It is the difference between the final executed price and the original order price.
How does it Happen?
This happens mostly when the Market is volatile in the time when financial news is being released or financial and economic data is being announced. The below images makes it easy to under stand what it really means, and for those who trade during data release you can confirm that you can set you pending order and your order is not execute at the price you want but its released on another price and that slippage.
In Decentralized Exchanges like Pancakeswap, Uniswap etc, if you try to purchase coins lets say with slippage 0.5% your order might not go through and you wonder why it happens. So normally the token developers will advise on their website the slippage for sell orders and slippage for buy orders.
Higher slippage is not even good at all as it can make you lose money and buying on unfavorable prices. I believe mos traders lose money through this and they do not know what it is and how to avoid it especially to newbies as-long their transaction is processed they are good to go.

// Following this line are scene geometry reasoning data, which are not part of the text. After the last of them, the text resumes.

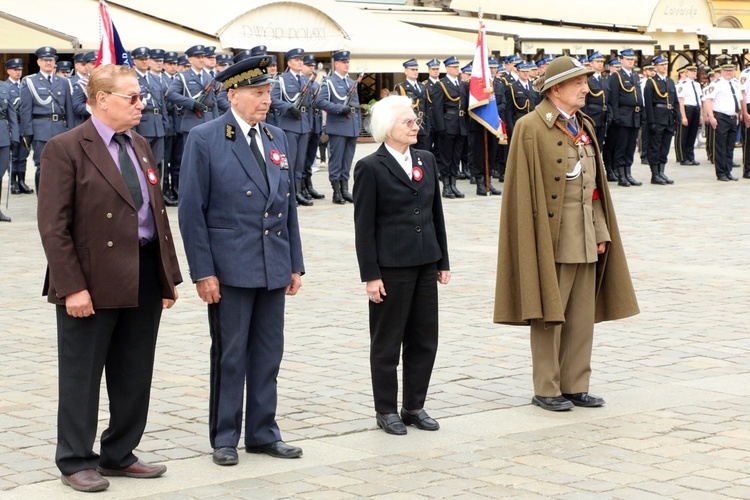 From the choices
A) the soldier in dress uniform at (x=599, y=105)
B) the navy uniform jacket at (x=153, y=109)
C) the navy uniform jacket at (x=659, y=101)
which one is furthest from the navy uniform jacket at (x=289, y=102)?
the navy uniform jacket at (x=659, y=101)

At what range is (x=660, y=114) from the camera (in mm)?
21562

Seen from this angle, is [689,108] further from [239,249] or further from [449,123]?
[239,249]

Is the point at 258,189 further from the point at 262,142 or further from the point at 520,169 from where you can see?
the point at 520,169

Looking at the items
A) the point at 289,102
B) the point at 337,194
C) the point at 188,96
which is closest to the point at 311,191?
the point at 337,194

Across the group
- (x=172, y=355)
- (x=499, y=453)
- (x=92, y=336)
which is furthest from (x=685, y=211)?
(x=92, y=336)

How to avoid higher slippage
As said before higher slippage is not good as it will make you lose money so you have to avoid higher slippage and here are the ways to avoid it. When you are buying on a Centralized Exchange make sure that you buy and limit with sell orders that is the only way you can override this. If you use the market orders you have to know that you will be buying and selling at whatever the market offers you and mostly the Market has an edge.
The above image is of a transaction which failed to go through on pancake swap due to low slippage. Normally on other tokens anything less than 15% will not work unless you perform the trick and i am gonna show you on the next image.
If you are buying on Decentralized Exchanges like Pancake or Uniswap you have to play with the last figures. Lets say you want to buy 614841 Hungry Doge tokensĀ and the slippage for your order to go through is 12% and you want to override that. you just have to use slippage 1% and then on the number of tokens just change the last digit from 1 to 0 and you are good to go.
The picture below shows a transaction being successful with slippage of 1%. After it was rejected with slippage 10% i then showed you it can work with a lesser and make sure i am on the winning side.
Yes, some tokens have very high slippage rates. I think it's because investors who buy don't sell soon. Thus, the value of the token will not decrease immediately. For example, a token with a slippage rate of 10% must increase by at least 20%, as there will be 10% deduction when buying and 10% when selling. The investor needs to increase more in order to make a profit. In this case, the investor has to hold that token for a long time. This results in an increase in the price of that token.